The Council are also required to complete a Market Sustainability Plan. DHSC stated that the purpose of the plan is for local authorities to assess and demonstrate how they will ensure local care markets are sustainable, as they move towards implementing reform. DHSC have told us that we must produce a final Market Sustainability Plan on a different basis following the delay of the reform; we do not yet have final details of their expectations for that. They have also indicated that they may still ask some local authorities to review the documents about the survey that they have submitted. So far we have had no indication that they will ask us to review the documents below, but we will publish revised versions on this page if DHSC contact us and we conclude that we should make changes.

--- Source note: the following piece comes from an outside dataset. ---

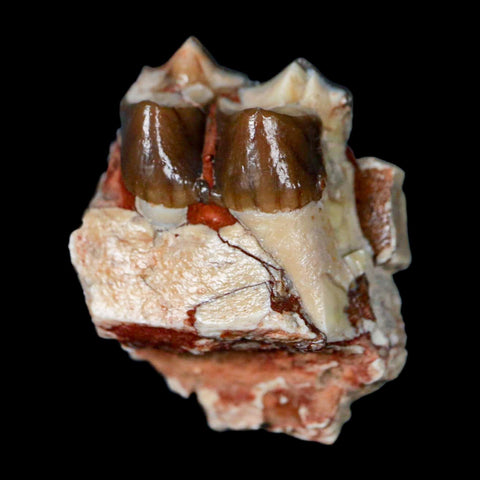 1" Poebrotherium Wilsoni Fossil Jaw Teeth Primitive Camel SD Badlands Display - Fossil Age Minerals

As explained in the documents about this exercise, our conclusion was that, while the surveys provided useful information about the costs of services, there were too many issues about the data for it to act directly as a guide to future fee levels. Our understanding is that a similar conclusion was reached by many other local authorities, though varying assumptions were made about how best to calculate the figures returned to DHSC.
Explanations of how these figures were calculated are included in two separate documents, one covering the survey of older people’s care homes, the other the survey of home care services. The Council is currently reviewing the 2023/24 adult social care fee rates as part of its Annual Price Review Process. New government guidance suggests that, despite a pause in the exercise, councils should continue to consider how they ‘move towards’ the Fair Cost of Care albeit ‘more slowly’. Therefore our 23/24 position is that the outcome of the exercise will inform our fee setting this year and that it will include an element of ‘moving towards’ the Fair Cost of Care as outlined in the below documents. We will use the Adult Social Care Market Sustainability and Improvement Fund as part of the resources to support this move. The Council’s intended approach to setting fees in future is outlined in the Market Sustainability Plan (below, published 27th March 2023).
Market Sustainability and Improvement Fund 2023 to 2024 – Manchester
Published in June 2023, the Manchester Market Capacity Plan a provides three-section report for the Department of Health and Social Care.
Section 1 – Capacity for Winter: Details what measures were put in place during winter 2022 to 2023 to ensure sufficient capacity across social care markets, and an assessment of how successful these measures were.
Section 2 – Current Capacity: Provides an assessment of any current capacity gaps within markets for a) long term nursing care, b) long term residential and c) long term community care (split into Homecare, Extra Care and Supported Living). It includes details on what the required capacity is, the available capacity in the market, and the level of capacity that is currently affordable.
Section 3 – Future Capacity: Provides an assessment of any future capacity gaps within markets for a) long term nursing care, b) long term residential and c) long term community care with a focus on winter 2023 to 2024, as well as a detailed plan on how these capacity gaps will be addressed.